Huge Covid-19 output prompting ‘sea change’ in access to research

Data suggest research related to the outbreak already numbers thousands of publications   

April 9, 2020
Source: Getty

The Covid-19 crisis is leading to a “sea change” in the way that researchers are collating and analysing research in a bid to keep up with the “phenomenal” growth in scholarship on the topic, experts have suggested.

According to one search portal for coronavirus research, as of 3 April more than 6,000 papers, including preprints, have been published on the topic and related areas since the beginning of the year.

Daniel Hook, head of Digital Science, which has created the portal through a search query on its Dimensions research database, compared the growth of research related to Covid-19 to the rapidly emerging artificial intelligence field of deep learning, which had taken six years to grow to a similar level.

“It is a fairly serious body of work already produced by the community,” he said, adding that a significant chunk of scholarship was also being produced in non-medical areas such as the social sciences.

He added that the fact that many publishers were making Covid-19 research open access also meant that scholars could get around the overwhelming nature of dealing with such a vast amount of information by using sophisticated search techniques such as text mining.

Open access to full article texts “allows researchers to do data mining and text mining to find things that are of relevance, so we are seeing a sea change in culture here as well [with] people working in different ways”.

He added that researchers were also adept at filtering to their own subfield to find what was relevant to them. At first, looking at the overall body of Covid-19 research may be “a bit like drinking from a fire hydrant, but I think people will be able to locate the important and relevant stuff for them”, he said.




Erica Bickerton, head of the Coronavirus Group at The Pirbright Institute, one of the UK’s leading research institutes studying the virus, also said that the scientific community was quickly adapting to ways of sifting through such a well of information.

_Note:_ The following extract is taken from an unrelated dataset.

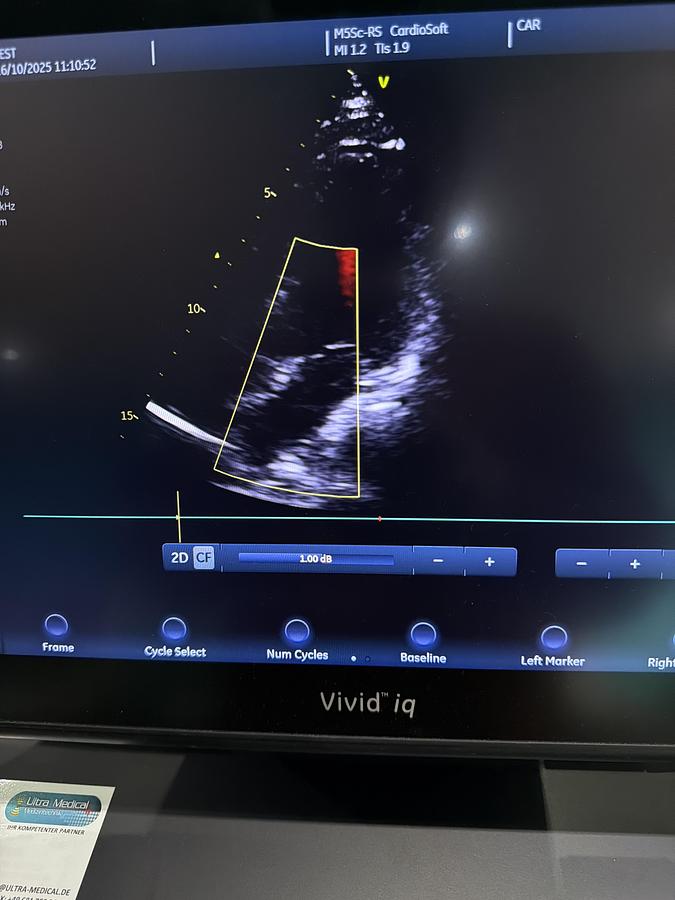 Gebraucht GE M5Sc-RS Kardio Ultraschallsonde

This included public engagement bodies such as the Science Media Centre (SMC) collecting and filtering studies so that researchers could quickly access what was relevant.

“The volume of data being generated in response to the pandemic is phenomenal and could easily become overwhelming,” she said. “However, the research community is doing a great job at communicating the data around the…outbreak.

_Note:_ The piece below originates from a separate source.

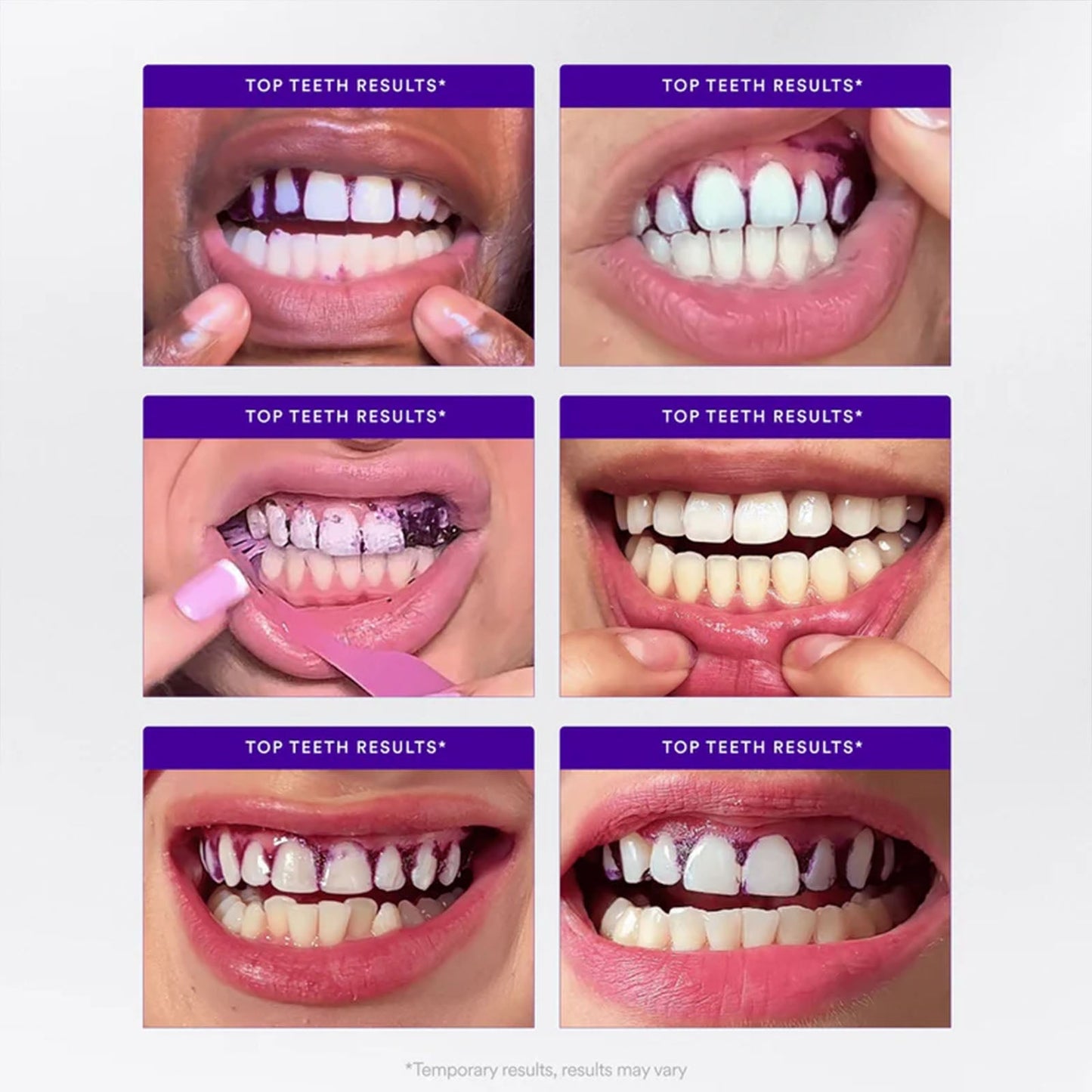 VERELVA™ Whitening Strips🦷 (🎁Flash Sale - Don’t Miss Out)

“There are lots of useful discussions going on, especially on Twitter. Journals are also collecting together their coronavirus research so it can be found easily, and the SMC is sending out relevant preprints, which is helping me to keep track of the data being publicly released.”

Keeping on top of which preprints – which are not peer reviewed − are relevant and have robust methodologies is one of the key challenges emerging from the scientific response to Covid-19.

This could be a challenge that increases over time. According to a snapshot of Dimensions data from 3 April, about 17 per cent of the 6,659 pieces of research published this year on the topic were preprints.

Dr Hook said that this seemed to be a growing proportion over the period, although much of this could be down to a lot of the peer-reviewed research published in January or February coming from projects in related areas started last year.

“It is surprising that 1,135 [of 6,659] are preprints because you would think everyone is putting their research” out quickly in this format, he said. But he added that “you are seeing people changing their behaviours rapidly…I think if you looked at that on a day-to-day basis you would see the proportion of preprints increase.”